Sur les bords du Léman, Sandrine Vallat Prod’hom, elle, n’a jamais flirté avec les 8000 mètres de la planète. Mais elle a relevé des défis au quotidien, et pas des moindres, pendant plus de 10 ans : son mari l’a quittée quand elle était enceinte de leur quatrième enfant. Elle a dû alors s’encourager et bien ajuster chacun de ses pas pour la survie de sa famille. Cela s’est traduit par une rigoureuse gestion financière et un suivi particulièrement attentif de sa progéniture. « Ce qui est important, ce n’est pas tant la nature de l’exploit que la direction que l’on prend », relève avec finesse cette femme de 44 ans. A la tête de sa cordée d’enfants, elle est parvenue à se réinsérer professionnellement en faisant une HEP à 40 ans… et vient de se remarier !

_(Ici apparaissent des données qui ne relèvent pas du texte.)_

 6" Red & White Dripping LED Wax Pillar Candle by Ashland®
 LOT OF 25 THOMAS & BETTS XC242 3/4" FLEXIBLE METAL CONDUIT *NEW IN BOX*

Bien sûr, l’introspection a été nécessaire. « J’ai voulu comprendre pourquoi cela m’arrivait à moi. J’ai reçu alors comme un éclairage violent en pleine figure qui a mis en lumière les recoins de la chambre de ma vie, de la chambre de mon mariage. C’était douloureux, mais Dieu a donné du sens à ce que je traversais et il a été présent dans les passages les plus difficiles. Je peux témoigner aujourd’hui que la foi déplace des montagnes. »
Gabrielle Desarzens

Notes
1) Le site de l’association.
2) Philippe Martinez, Le ciel pour seule limite, Paris, Presses de la Renaissance, 2007.